5) A code indicating the plant where the vehicle was made;

Sadly, the VIN is probably the primary key to many tables in existence today. Business persons have a natural tendency to build inteligent keys. There is no mention of this in the main article, it only addresses the classic textbook example of eliminating redundant columns. Mooredc 17:56, 16 August 2006 (UTC)[reply]

GUIDs contain (or, did in the past) a mac address and a timestamp, does that make a GUID a bad key? Isn’t the question more to do with whether that “intelligence” is actually used for anything? —Random832 20:33, 19 September 2007 (UTC)[reply]
In August 2006 when Mooredc wrote this, the article did not contain a section on atomicity; now it does, and hopefully it gives a sense of why Date and others consider it a mistake to hang one's definition of 1NF on the notion of atomicity. 1NF aside, there are many situations in which building "intelligence" into a domain - particularly when it's a primary key column's domain - is a bad idea. If CAR_ID = "RED16", and the "RED" substring refers to the colour of the car in question, then we have a dilemma when someone paints the car blue. The identifier isn't much of an identifier if we are compelled to alter its value from time to time; on the other hand, if we keep its value the same in these types of situations, its meaning becomes muddled. Further, if knowing the colour of the car is important, we may as well expose the colour to the RDBMS by making the colour a column in its own right. You are exactly right when you say that what matters is whether the intelligence is used for anything - if it is, we get problems of the type described; if it isn't, we don't. --Nabav 22:03, 2 October 2007 (UTC)[reply]

I don't know if this is the right place to add my two pence, but I was wondering if it wouldn't be a good idea to have some kind of links in the bottom of the article to move from 1NF to 2NF to 3NF and so on, instead of having to go back to the normalization in order to move from the article on one normal form to the other. ray 17:04, 21 August 2006 (UTC)[reply]

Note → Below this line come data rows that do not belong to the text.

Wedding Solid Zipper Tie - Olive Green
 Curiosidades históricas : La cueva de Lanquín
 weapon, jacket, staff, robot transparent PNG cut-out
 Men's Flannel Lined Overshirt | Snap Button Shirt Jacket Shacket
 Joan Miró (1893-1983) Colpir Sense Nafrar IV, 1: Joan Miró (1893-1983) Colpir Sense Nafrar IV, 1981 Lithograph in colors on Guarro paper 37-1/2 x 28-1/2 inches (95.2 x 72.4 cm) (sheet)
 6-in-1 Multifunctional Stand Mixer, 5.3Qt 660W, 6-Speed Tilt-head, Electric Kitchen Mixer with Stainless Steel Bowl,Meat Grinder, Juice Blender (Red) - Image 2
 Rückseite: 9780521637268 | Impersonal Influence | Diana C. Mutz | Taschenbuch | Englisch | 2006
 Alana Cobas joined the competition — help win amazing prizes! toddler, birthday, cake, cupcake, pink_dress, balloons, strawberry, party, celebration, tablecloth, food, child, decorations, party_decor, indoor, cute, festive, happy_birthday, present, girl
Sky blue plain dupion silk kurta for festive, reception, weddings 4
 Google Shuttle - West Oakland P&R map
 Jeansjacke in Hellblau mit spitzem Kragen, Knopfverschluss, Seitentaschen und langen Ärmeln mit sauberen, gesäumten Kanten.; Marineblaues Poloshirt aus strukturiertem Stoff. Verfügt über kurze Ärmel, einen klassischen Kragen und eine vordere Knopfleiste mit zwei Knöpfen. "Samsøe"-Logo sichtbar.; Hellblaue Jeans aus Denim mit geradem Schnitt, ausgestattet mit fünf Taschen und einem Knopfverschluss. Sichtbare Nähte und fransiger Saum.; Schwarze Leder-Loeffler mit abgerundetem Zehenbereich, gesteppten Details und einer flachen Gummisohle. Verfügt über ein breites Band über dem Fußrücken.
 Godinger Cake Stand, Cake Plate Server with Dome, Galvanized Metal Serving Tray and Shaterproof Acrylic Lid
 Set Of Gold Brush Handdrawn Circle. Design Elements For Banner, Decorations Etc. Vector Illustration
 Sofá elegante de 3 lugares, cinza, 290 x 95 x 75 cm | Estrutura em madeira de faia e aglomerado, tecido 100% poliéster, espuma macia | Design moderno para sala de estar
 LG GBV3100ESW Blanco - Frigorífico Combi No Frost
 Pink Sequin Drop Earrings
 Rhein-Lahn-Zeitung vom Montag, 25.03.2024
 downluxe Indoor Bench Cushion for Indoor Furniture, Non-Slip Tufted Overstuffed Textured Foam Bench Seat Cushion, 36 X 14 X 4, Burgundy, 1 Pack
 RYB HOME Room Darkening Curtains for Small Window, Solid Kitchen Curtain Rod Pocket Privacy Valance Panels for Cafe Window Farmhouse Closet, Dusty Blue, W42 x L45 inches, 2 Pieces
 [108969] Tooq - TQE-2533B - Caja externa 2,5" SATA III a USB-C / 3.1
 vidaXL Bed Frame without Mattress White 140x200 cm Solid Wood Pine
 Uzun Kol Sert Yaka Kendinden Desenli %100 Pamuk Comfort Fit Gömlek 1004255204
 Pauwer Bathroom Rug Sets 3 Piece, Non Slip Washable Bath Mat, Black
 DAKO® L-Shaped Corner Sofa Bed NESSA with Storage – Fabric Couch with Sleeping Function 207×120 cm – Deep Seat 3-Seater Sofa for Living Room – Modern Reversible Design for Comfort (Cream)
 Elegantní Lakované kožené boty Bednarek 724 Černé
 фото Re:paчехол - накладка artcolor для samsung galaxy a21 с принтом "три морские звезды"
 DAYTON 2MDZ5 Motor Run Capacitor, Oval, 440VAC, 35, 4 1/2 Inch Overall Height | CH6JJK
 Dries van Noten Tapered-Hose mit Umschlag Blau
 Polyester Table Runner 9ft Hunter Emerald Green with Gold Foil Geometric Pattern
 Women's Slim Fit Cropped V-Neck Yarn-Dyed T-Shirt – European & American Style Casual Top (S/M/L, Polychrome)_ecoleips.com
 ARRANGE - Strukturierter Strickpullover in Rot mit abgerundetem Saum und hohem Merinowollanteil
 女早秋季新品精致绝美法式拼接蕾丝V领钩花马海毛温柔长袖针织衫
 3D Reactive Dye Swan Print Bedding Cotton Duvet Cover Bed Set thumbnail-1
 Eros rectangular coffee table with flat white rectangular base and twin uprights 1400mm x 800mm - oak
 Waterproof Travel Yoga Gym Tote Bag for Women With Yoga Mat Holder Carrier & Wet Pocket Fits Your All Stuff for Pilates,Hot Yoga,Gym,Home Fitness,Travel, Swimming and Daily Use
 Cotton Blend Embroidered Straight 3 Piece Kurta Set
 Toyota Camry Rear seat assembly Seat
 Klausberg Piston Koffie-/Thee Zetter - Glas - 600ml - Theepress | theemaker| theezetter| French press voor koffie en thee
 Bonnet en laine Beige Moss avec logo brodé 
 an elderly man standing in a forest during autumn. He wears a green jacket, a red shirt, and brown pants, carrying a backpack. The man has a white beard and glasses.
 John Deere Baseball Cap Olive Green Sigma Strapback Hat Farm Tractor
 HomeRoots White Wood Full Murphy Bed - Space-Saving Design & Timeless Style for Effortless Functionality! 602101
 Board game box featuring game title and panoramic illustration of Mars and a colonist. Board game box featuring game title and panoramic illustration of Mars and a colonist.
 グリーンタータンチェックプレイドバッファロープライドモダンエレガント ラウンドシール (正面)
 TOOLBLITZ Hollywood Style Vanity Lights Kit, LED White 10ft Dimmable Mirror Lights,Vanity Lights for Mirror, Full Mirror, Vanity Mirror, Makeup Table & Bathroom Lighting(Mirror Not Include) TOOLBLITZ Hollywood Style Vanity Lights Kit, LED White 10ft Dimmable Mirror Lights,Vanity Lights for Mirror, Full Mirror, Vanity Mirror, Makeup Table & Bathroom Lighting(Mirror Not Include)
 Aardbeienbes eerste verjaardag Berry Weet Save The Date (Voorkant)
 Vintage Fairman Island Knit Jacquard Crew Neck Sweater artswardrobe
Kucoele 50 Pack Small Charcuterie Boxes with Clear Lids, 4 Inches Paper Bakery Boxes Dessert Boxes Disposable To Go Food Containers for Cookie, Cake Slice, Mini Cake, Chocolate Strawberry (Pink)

Glad I'm not the only person thinking that. I'll get on with that template.--VinceBowdren 18:04, 21 August 2006 (UTC)[reply]
Obviously, your comment here did get noticed. I've been treating Talk:Database normalization as the place for discussion of this set of articles in general, though I and the others working in this area have all the articles on our watchlists anyway. I don't think its worth setting up a WikiProject for this few linked articles.--VinceBowdren 19:12, 21 August 2006 (UTC)[reply]

What if NULL is part of the applicable domain?

I mean, take this:

First Name Last Name Middle Name
John Public Q
J Hacker Random
John Doe

“Has no middle name” is a valid answer, yet having a nullable column seems to violate that requirement —Random832 20:28, 19 September 2007 (UTC)[reply]

The first point to make is that Null is never part of the applicable domain. The Null (SQL) article puts this succinctly: 'Since Null is not a member of any data domain, it is not considered a "value", but rather a marker (or placeholder) indicating the absence of value.'
Second, although you are completely right in saying that "has no middle name" is a valid answer, it does not follow that a Null in a Middle Name column is the only way of expressing the proposition. There are other ways of doing it. A logically-sound way that does not involve Nulls is:
Person ID First Name Last Name
1 John Public
2 J Hacker
3 John Doe
4 George Bush
Person ID Middle Name Sequence Num Middle Name
1 1 Q
2 1 Random
4 1 Herbert
4 2 Walker
Notice that with this method we also allow a person to have any number of middle names.
The two tables above are in 1NF even by Date's stringent definition. --Nabav 06:51, 2 October 2007 (UTC)[reply]
Agreed. Also even the table in the primary example needn't necessarily contain a Null value in the sense mentioned in the Null (SQL) article to present as such. It could, in fact, contain instead a single character string comprised solely of the "nul" character (\0). Nul is a legitimate member of the domain the larger of characters (generally serving to mark the end of a variable length string) and is logically separate of the "Null" value (i.e. an empty value set) MerlinYoda (not signed in) 65.117.116.130 (talk) 21:34, 29 December 2010 (UTC)[reply]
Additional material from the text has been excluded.